7.1 Technical Environments for Adaptive Virtual Places
Throughout the book, we have illustrated our approach in the context of 3D virtual worlds. However, our approach can be applied more generally in light of the many technical environments for designing virtual places. While we focus on 3D virtual worlds, the approach can generalize to any online environment: a web environment such as a networked game, a mobile device for accessing social media places, a mixed reality environment, and a large public interactive display. For example, if the virtual place is expressed on a web site, the layout, object placement, interaction and navigation can be achieved with a design grammar and agent implemented using:
- – HTML to specify the categories of content is equivalent to types of objects in a 3D virtual world such as walls, doors, floors, picture frames, etc.;
- – XML and files of different media such as images, videos, sound, and 3D models to specify specific content items is equivalent to the 3D models and media in a virtual world;
- – CSS to specify the style rules for each content element or class of elements is equivalent to the layout rules in the virtual world grammar;
- – JavaScript to define the local client interactivity is equivalent to the interaction rules that are specific to one user in the virtual world grammar; and
- – PHP to describe the shared interactivity shared with other users is equivalent to the navigation and interaction rules that are common to all users.

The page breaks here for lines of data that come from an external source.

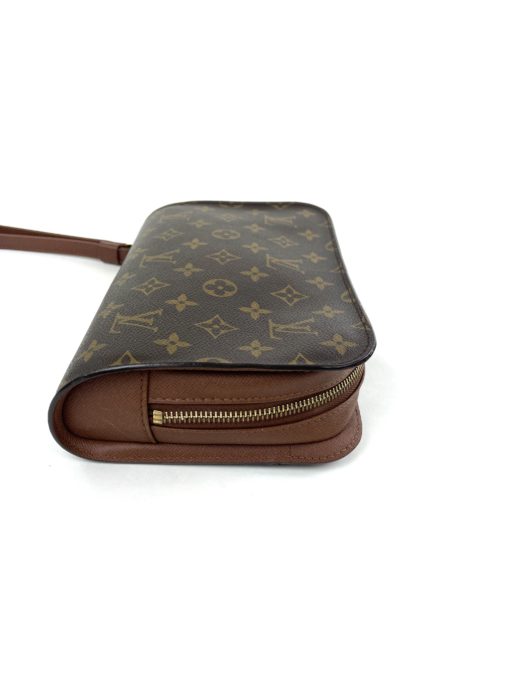 Louis Vuitton Monogram Orsay Clutch Bag 3
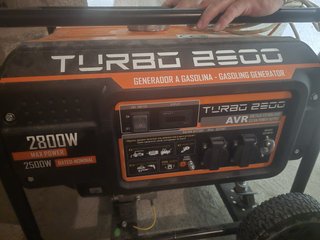 GENERADOR DE ENERGIA/ ELECTRICIDAD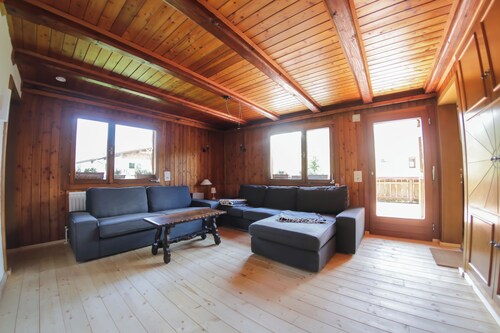 Family adventure Karwendel: Charming house with garden at the national park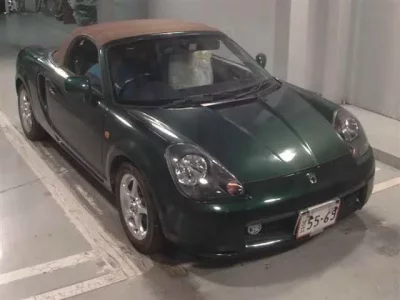 Toyota MR-S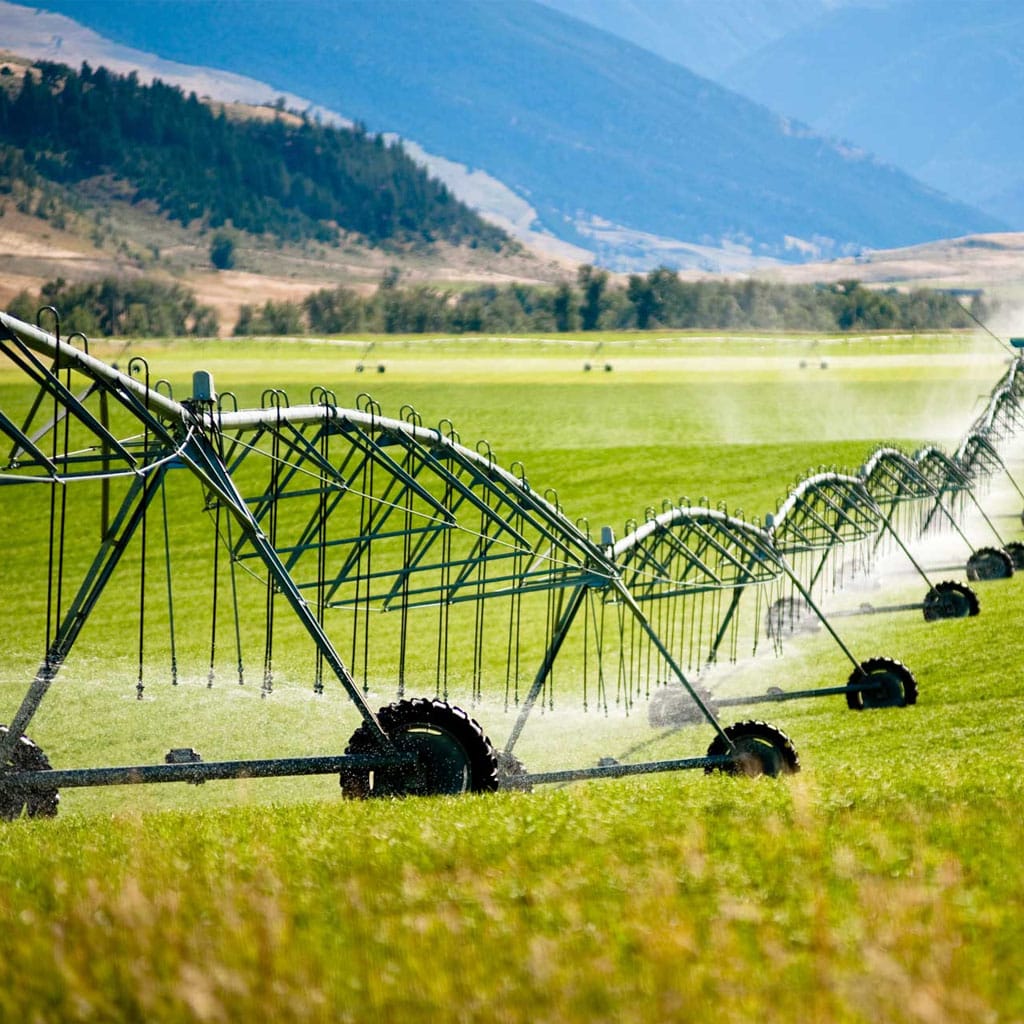 أنظمة الري المتقدمة Advanced Irrigation Systems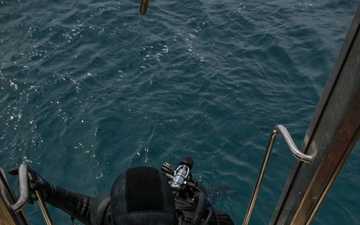 57 RQS enhances underwater operations through Artemis training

So, while our development of the design grammar and agent model for adaptive virtual worlds was inspired by place design in 3D virtual worlds, the models are independent of the technology associated with 3D virtual worlds.
7.2 Functional Designs vs. Creative Designs
Generative design grammars provide a computational approach that can be adopted to start formally defining design languages for virtual worlds. In our demonstration of an adaptive virtual galley, the example grammar describes and generates a specific language of virtual gallery designs by capturing specific stylistic characterizations through layout rules, object design rules, navigation rules and interaction rules. These four sets of design rules are developed to define a way virtual gallery designs are composed, according to specific design considerations, in terms of both syntax (visualization: layout and object design), and semantics (navigation and interaction). However, the structure of the grammars, the design operations adopted in the rules and the constraints for directing their applications can be flexibly adjusted to address different design considerations. One example consideration is to prioritize the functional aspect and/or the creative aspect of the generated designs, to suit specific purposes for networked gaming, social networking, online learning, e-commerce, collaborative design and so on.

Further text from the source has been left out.